Noisey was able to get a couple of quick questions in with guitarist David Cisco in preparation for the June 3 release date of Still They Pray through Relapse Records. Listen to the stream below and read on.
Noisey: Still They Pray is by far the most ambitious and diverse record you've released so far. To what do you attribute this new expansion?
David Cisco: A benefit of waiting six years between albums is that we had a large amount of riffs and song material to choose from. We intentionally chose songs that both work to unify the album but also kept the album interesting as you move through it.
How have the last few years treated the band?
A lot has changed since then. We're slightly more mentally balanced now...slightly. We've always drawn inspiration from the shit life throws at us. Without getting into too much detail the themes of life and death weave through this record pretty substantially.
You managed to snag the mighty Jus Oborn to record and produce Still They Pray. How was the recording process? How do you feel he impacted the record's overall sound?
Recording with Jus was extremely easy. Our visions for this record came together perfectly seeing eye to eye through the entire process. The album has a certain cosmic undertone that developed over the course of the recording. I think it's something that just happened naturally.

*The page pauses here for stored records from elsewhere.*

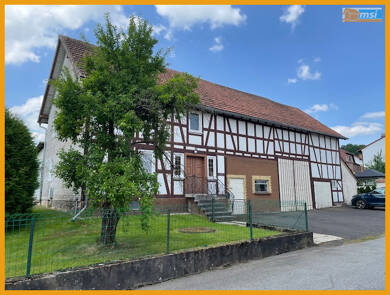 Bauernhaus zum Kauf provisionsfrei 109.000 € 6 Zimmer 130 m² 1.705 m² Grundstück Wallenrod Lauterbach 36341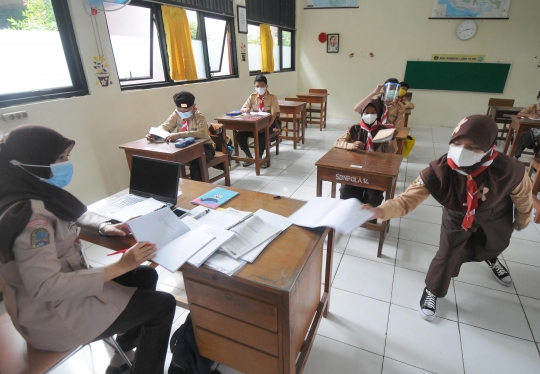 Mulai Hari Ini, 85 Sekolah di Jakarta Uji Coba Belajar Tatap Muka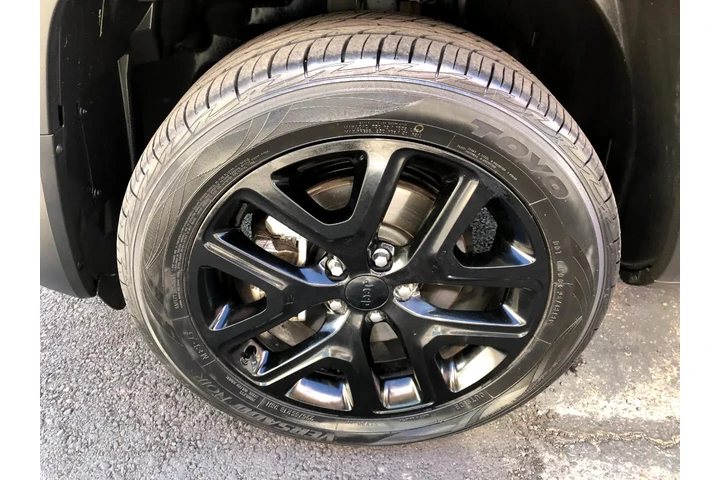 $14990 : 2016 Renegade Latitude 4WD image 8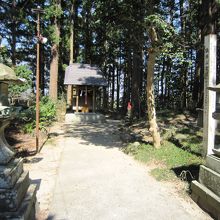 公園内神社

In the lyrics and song titles on this record, the word "torture" comes up multiple times. Is there an intended recurring theme here?
“Masters of Torture” was a song written years ago inspired by a few days spent in jail during our first full US tour. Torture in itself isn't the theme but more like a piece of the overall concept. The album title/concept is both hopeful and hopeless depending on how you interpret it. Defining it would be boring.